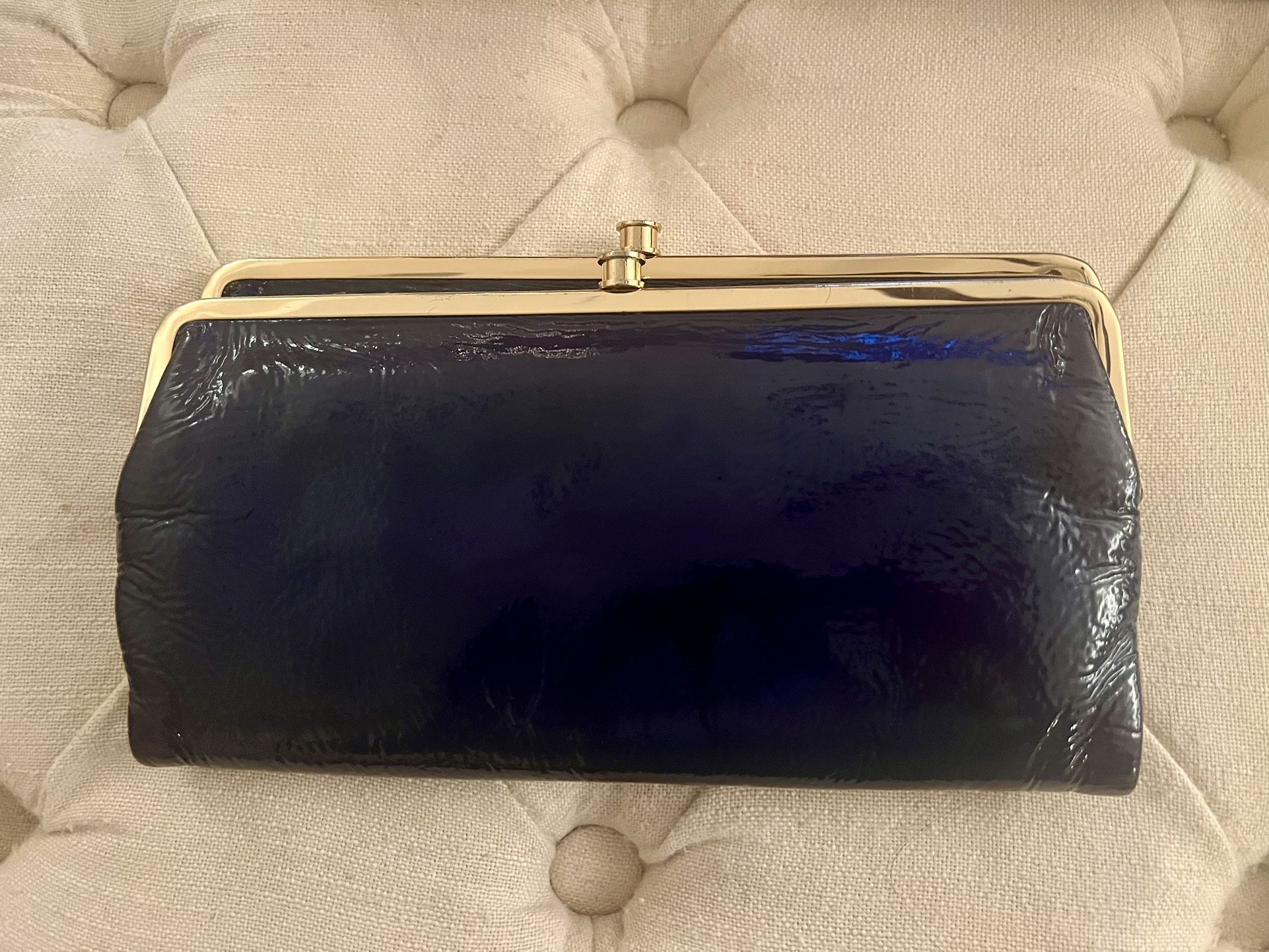 Navy Blue Patent Leather HOBO Wallet 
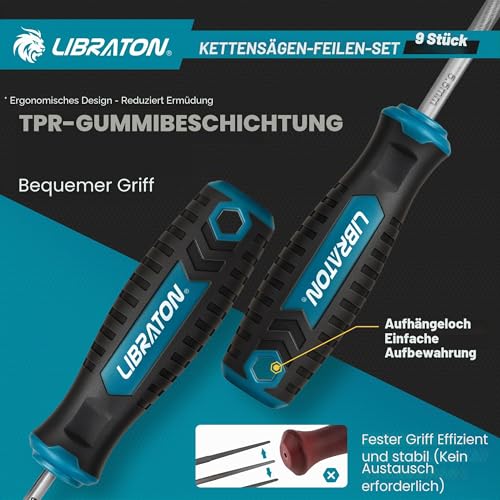 Libraton 9-Piece Chainsaw File, 4.0/4.8/5.5 mm Chainsaws Sharpening | Round file chainsaw, 153 mm flat file, depth gauge, sharpening guide, rail groove cleaner, bag, for chainsaws Pack of 9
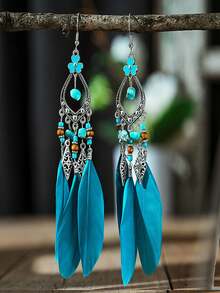 新款女士羽毛吊墜耳環,不規則天然石墜飾,空心鋅合金耳針耳環 - 墨綠色 - 查看 7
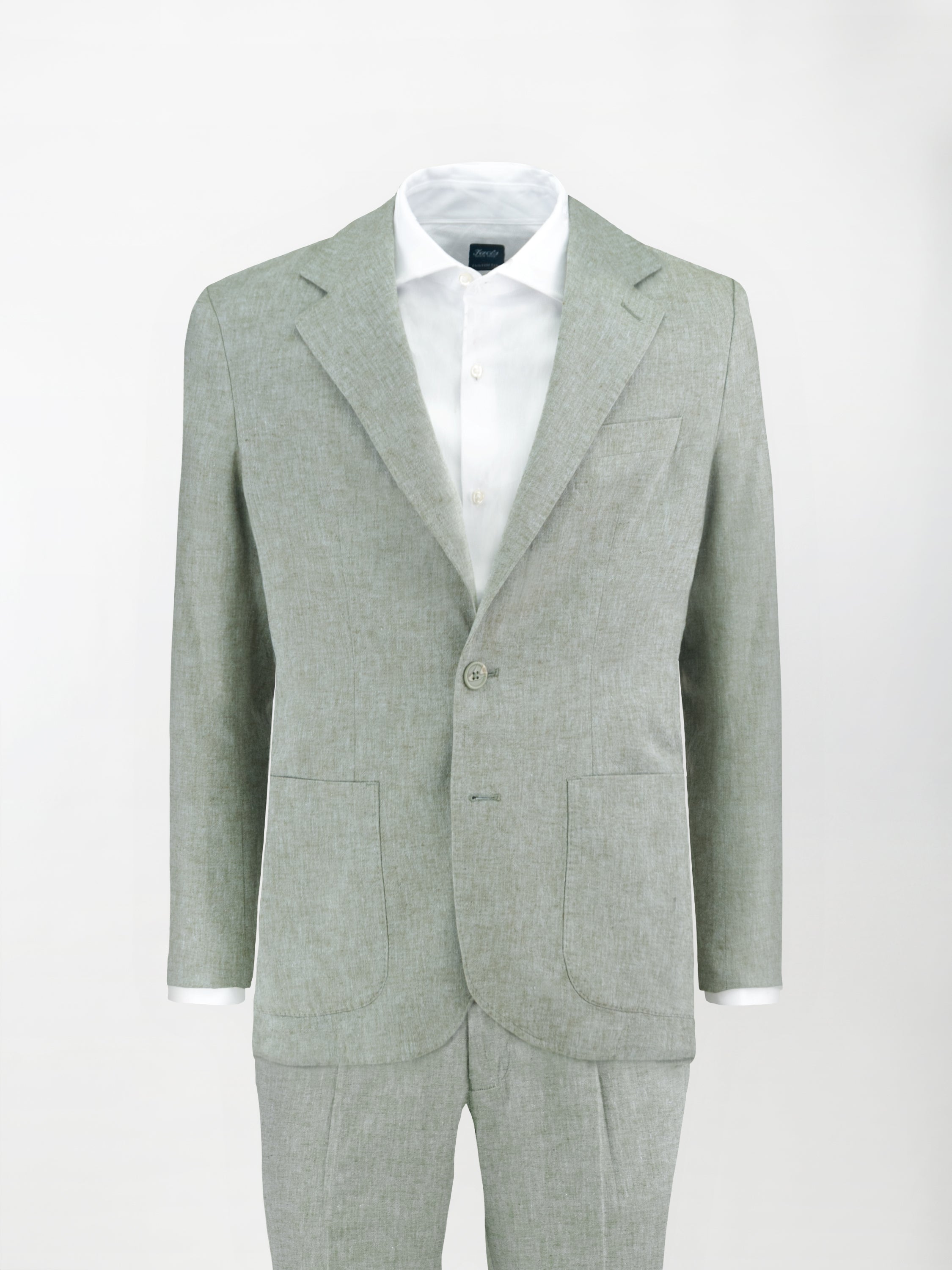 Giacca sfoderata sportiva in Lino-Cotone lavato - color Verde - Slim fit image 0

### TASK BRIEF
Pictures aside, reproduce all of the data exactly.

### WRITTEN SOLUTION
 Navy Blue Patent Leather HOBO Wallet 
 Libraton 9-Piece Chainsaw File, 4.0/4.8/5.5 mm Chainsaws Sharpening | Round file chainsaw, 153 mm flat file, depth gauge, sharpening guide, rail groove cleaner, bag, for chainsaws Pack of 9
 新款女士羽毛吊墜耳環,不規則天然石墜飾,空心鋅合金耳針耳環 - 墨綠色 - 查看 7
 Giacca sfoderata sportiva in Lino-Cotone lavato - color Verde - Slim fit image 0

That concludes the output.